Aleksander III Macedoński fot. Andrew Dunn |
Karol
Bunsch prowadzi zatem czytelnika przez wszystkie te bitewne pola, o których
napisałam powyżej, dodając do tego całą galerię starożytnych postaci
historycznych, a także skupiając się na życiu prywatnym królewskiej pary. Filip
II Macedoński raczej nie należy do bohaterów wzbudzających sympatię. Jego żona
– królowa Olimpias – nie może powiedzieć, że jest z nim szczęśliwa. Monarcha
bowiem uwielbia otaczać się młodymi i pięknymi kobietami. W dodatku w miarę
upływu lat konflikt pomiędzy nim a Aleksandrem przybiera na sile. Widać
wyraźnie, że młodzieniec znacznie przewyższa swojego rodziciela zarówno pod
względem radzenia sobie na polu bitwy, jak i inteligencją, a król wcale nie
czuje się z tego powodu zadowolony, ani też nie jest dumny z syna. Niekiedy
można odnieść wrażenie, że gdyby nie ciągłość dynastii i potrzeba pozostawienia
tronu w rękach męskiego potomka, Filip II bez wahania pozbyłby się syna ze
swego życia. Poza tym mrocznym cieniem na ich wzajemnych relacjach kładzie się
silny emocjonalny związek Aleksandra z matką, która ma ogromny wpływ na decyzje
podejmowane przez jej ukochanego syna. Filipowi nie jest to na rękę, ponieważ
Olimpias również jest mu kulą u nogi.
Myślę,
że zarówno konflikt z dorastającym synem, jak i z małżonką w dużej mierze
przyczynił się do ostatecznego upadku Filipa II Macedońskiego, który tak
naprawdę w pewnym momencie swojego życia czuł się niczym bóg.

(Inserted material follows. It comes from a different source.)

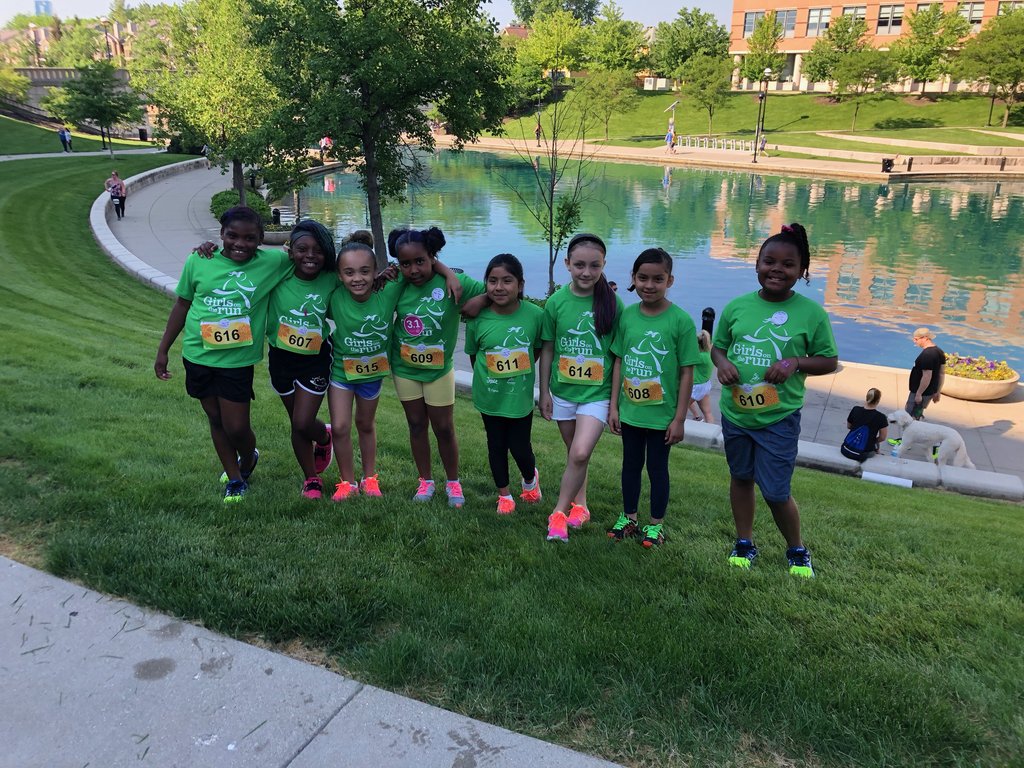 Lakeside_Lions's tweet photo. Lakeside is so proud of our Girls on the Run club. Today they completed the 10th Annual St. Nikolaus 5K/5 Mile Lauf (Run/Walk) that benefits Riley Hospital for Children, Girls on the Run Program, and the Athenaeum. #LakesideistheKey #TheyaretheKey #GirlPower https://t.co/aOzCjWrpRq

Uważał, że może
wszystko, a śmierć nie jest mu pisana. Nie wiedział tylko, że ten, z którym
toczy spór, pewnego dnia przyjdzie mu z pomocą. Wiadomo, że w królewskich
rodach znacznie bardziej ceniono synów, aniżeli córki, więc Kleopatra (ok.

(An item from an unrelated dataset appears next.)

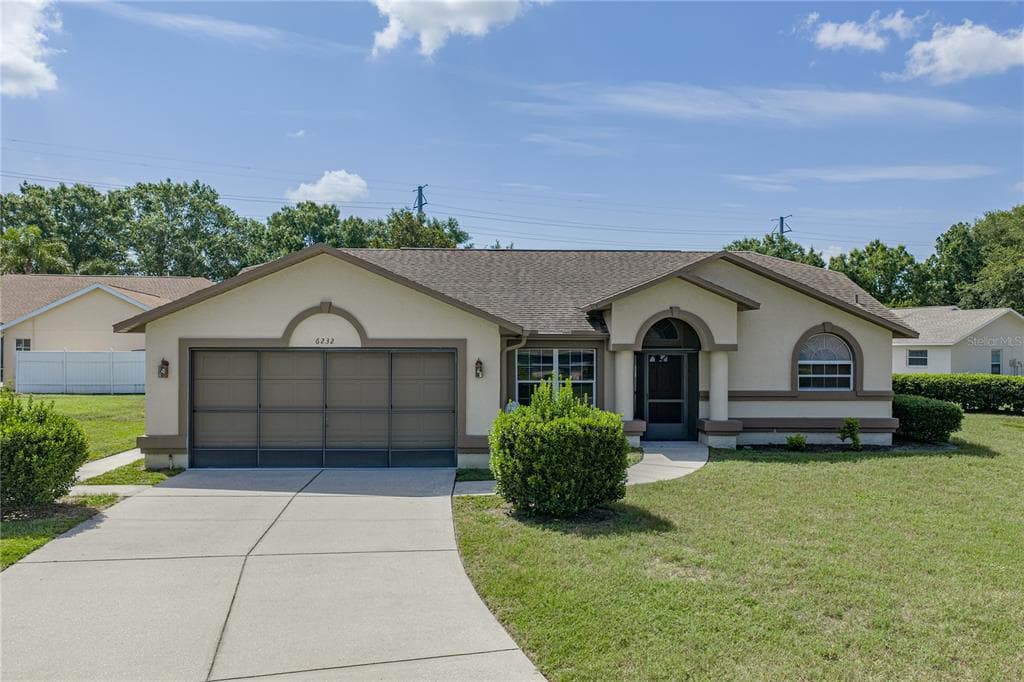 6232 HUNTINGTON DRIVE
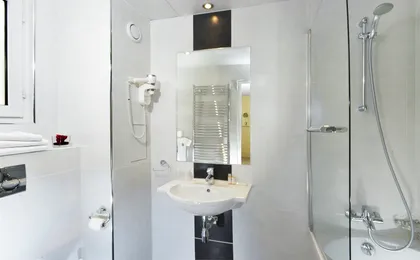 Hotel Carladez Cambronne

355-308 p.n.e.) – siostra Aleksandra Wielkiego – praktycznie przez całą powieść
znajduje się gdzieś w tle. Nikt tak naprawdę nie zwraca na nią uwagi. Ona
gdzieś tam sobie żyje i jak na razie stanowi narzędzie polityczne w rękach
swojego ojca i jego doradców.
Specyficzny
styl pisania sprawia, że książka może być trochę niezrozumiała. W tekście sporo
jest także wyrazów pochodzenia greckiego, co może dodatkowo utrudnić czytanie.
Wprawdzie na końcu książki znajduje się słownik, lecz trzeba do niego sięgać
dość często, co może trochę denerwować. Na pewno Olimpias różni się od
książek Karola Bunscha wchodzących w skład serii o Piastach. Przypuszczam, że
już sama tematyka zmusiła Autora do tego, aby zmienić charakter pisania. Moim
zdaniem powieści osadzone w starożytnych realiach generalnie są trudniejsze i
do napisania, i do odbioru. Przyznam, że mnie również powieści Piastowskie
czytało się przyjemniej, niż pierwszy tom trylogii o Aleksandrze Wielkim. Nie
oznacza to jednak, że książka jest zła. Jest po prostu inna.
[1] Poleis
– forma miast-państw w starożytnej Grecji wraz z przylegającymi
terenami rolniczymi; polityczna oraz religijna wspólnota obywateli. Miasta-państwa
powstały pomiędzy VIII a VI wiekiem p.n.e.
[2] Falanga
– zwarty oddział bojowy piechoty greckiej, a potem macedońskiej i
hellenistycznej; falanga powstała w VII wieku p.n.e.
[3]
Flanka – bok, skrzydło szyku bojowego.